The Sri Lankan economy is considered as one of the emerging economies in Asia with GDP growth exceeding 8% in 2011 and per capita incomes doubling from US$1,062 in 2004 to over US$2,800 in 2011. The positive economic outlook has created opportunities in varied sectors and has resulted in an influx of foreign direct investment to the country. Sri Lanka’s predominant services sector, which accounted for 59% of the GDP in 2009, was one of the key contributors to the economy as companies recorded strong financial performance in the recent financial year and the negative effects of the global recession subsided.

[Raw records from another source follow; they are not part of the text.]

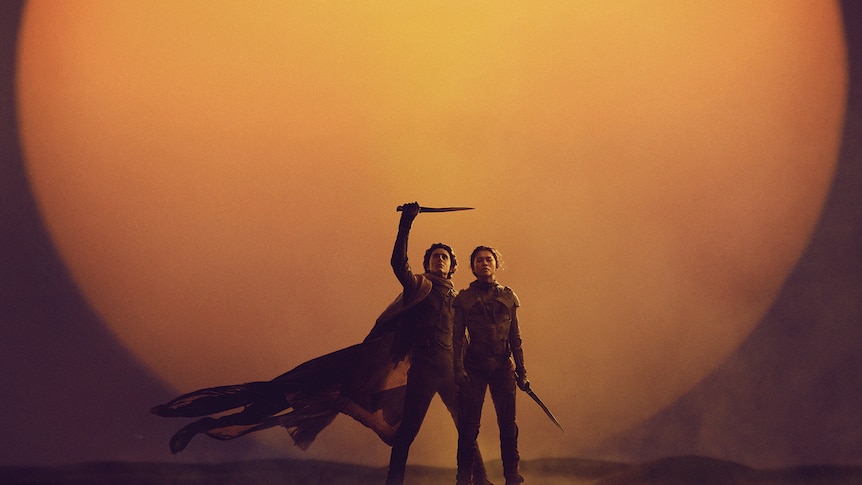 Two people standing in a desert space with a yellow dusty background. One person has their right arm up holding a sword. 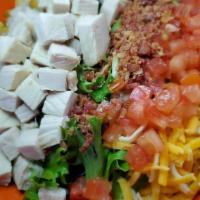 Turkey Chef Salad · Smoked shaved turkey on a bed of mixed greens, layered with diced tomatoes, cheddar jack che...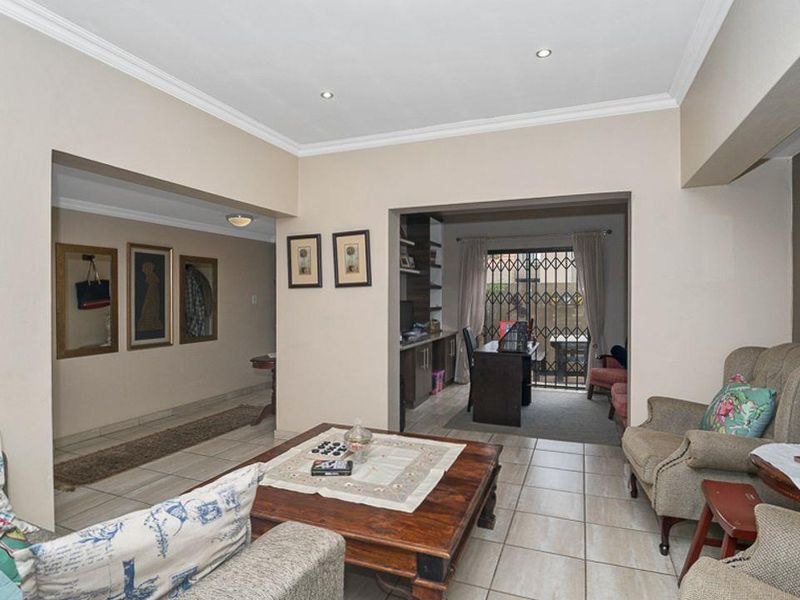 Spacious living area featuring neutral walls, tiled flooring, recessed lighting, and an adjoining study space with built-in shelving and security gate access.
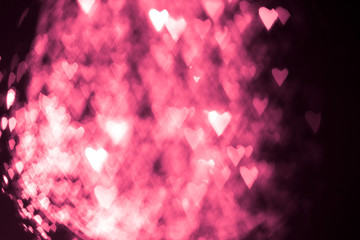 pink or red abstract background with hearts bokeh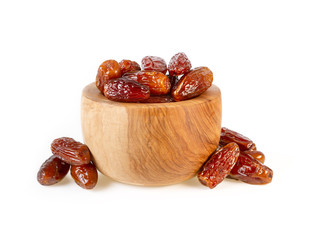 dried dates sweet palm dates in wooden cup isolated on white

The history of Islamic finance in Sri Lanka can be traced to 1997 when Amana Investments was established. Much water has flowed under the bridge since then. The high watermark of the evolution of the industry came when Banking Act No. 30 of 1988 was amended in 2005 to permit licensed commercial banks and licensed specialised banks to offer selected Islamic financial instruments. Today a state bank and a two licensed commercial banks operate Islamic windows and the indications are that many banks are on the verge of venturing into the arena.
There are many other institutions including Islamic micro-financiers offering murabahah, mudarabah, ijarah, wakalah, musharakah, diminishing musharakah, takaful, etc. Whilst this augurs well for the development of the industry, the central bank has permitted the opening of a fully-fledged Islamic bank; creating a new chapter in the development of the Shariah compliant banking in the country.